§ **Aim of the exercise**: The whole listing, exactly as given: write it out, leaving out each image.

### Data segment ###

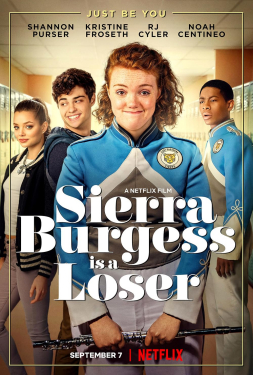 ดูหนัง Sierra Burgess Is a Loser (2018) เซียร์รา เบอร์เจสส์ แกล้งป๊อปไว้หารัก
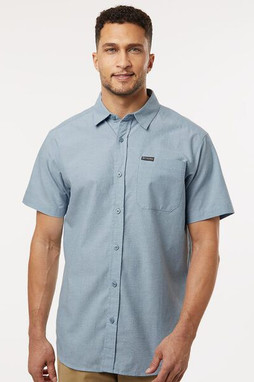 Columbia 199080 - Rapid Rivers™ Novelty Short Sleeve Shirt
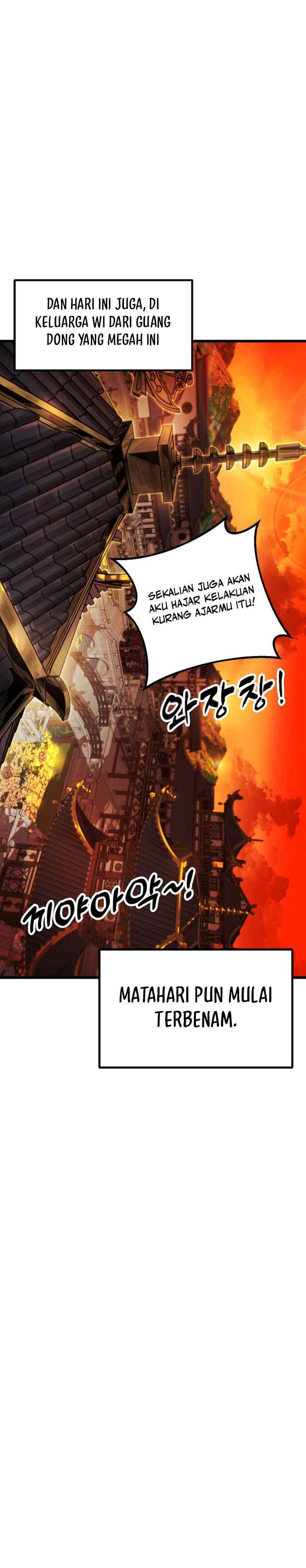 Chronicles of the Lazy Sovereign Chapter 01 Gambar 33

###

§ **Expected output**:
 ดูหนัง Sierra Burgess Is a Loser (2018) เซียร์รา เบอร์เจสส์ แกล้งป๊อปไว้หารัก
 Columbia 199080 - Rapid Rivers™ Novelty Short Sleeve Shirt
 Chronicles of the Lazy Sovereign Chapter 01 Gambar 33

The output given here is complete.